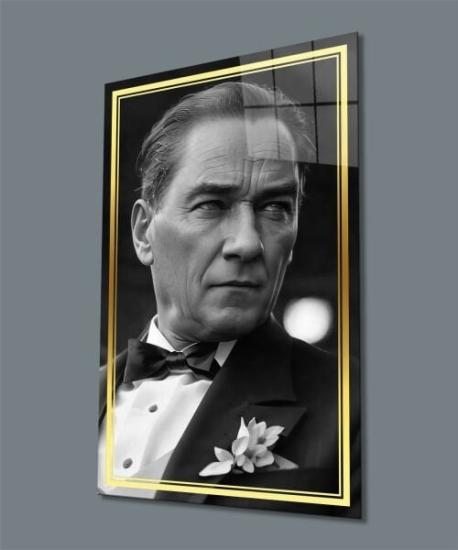 Çerçeve Detaylı Atatürk Portre Cam Tablo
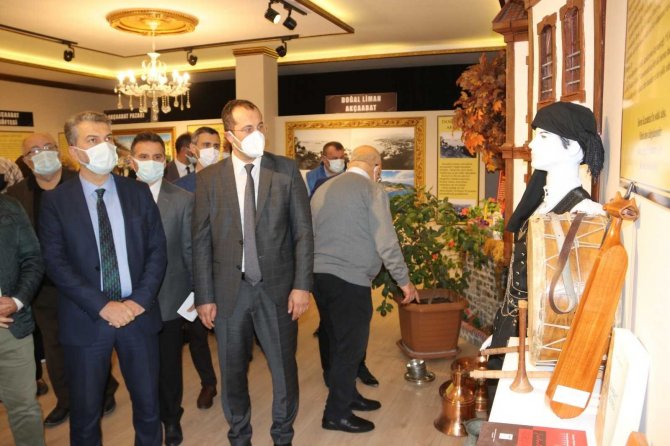 Tarihi M.ö 2000’lere Dayanan Akçaabat’in Tarihi Fotoğraflarla, Objelerle Sergileniyor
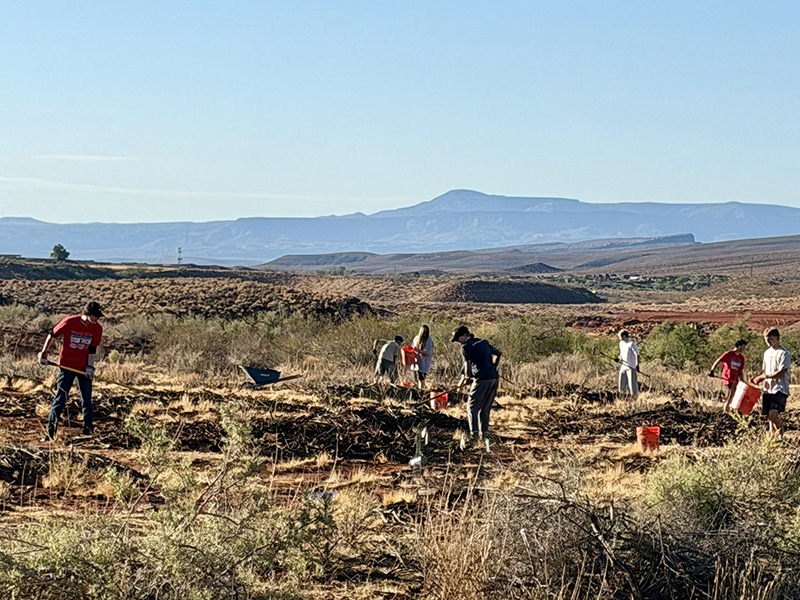 Utah Tech student crew at work with the Desert Preservation Initiative in Kayenta.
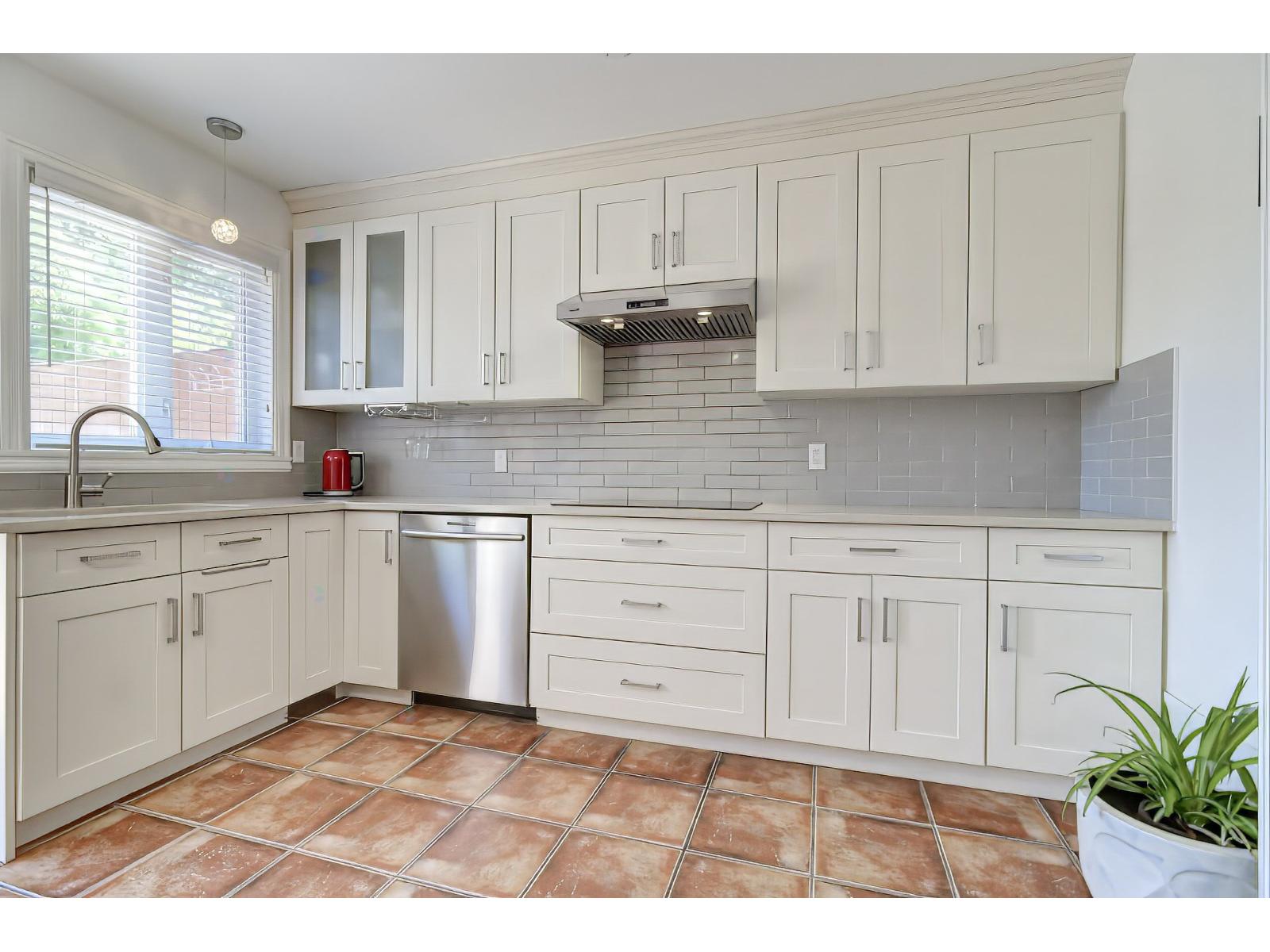 6220z Boul. Pie-ix Property Photo 9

# PROBLEM DESCRIPTION
Every line above should be transcribed word for word; leave the pictures out.

# ANSWER TO THIS EXERCISE
 Çerçeve Detaylı Atatürk Portre Cam Tablo
 Tarihi M.ö 2000’lere Dayanan Akçaabat’in Tarihi Fotoğraflarla, Objelerle Sergileniyor
 Utah Tech student crew at work with the Desert Preservation Initiative in Kayenta.
 6220z Boul. Pie-ix Property Photo 9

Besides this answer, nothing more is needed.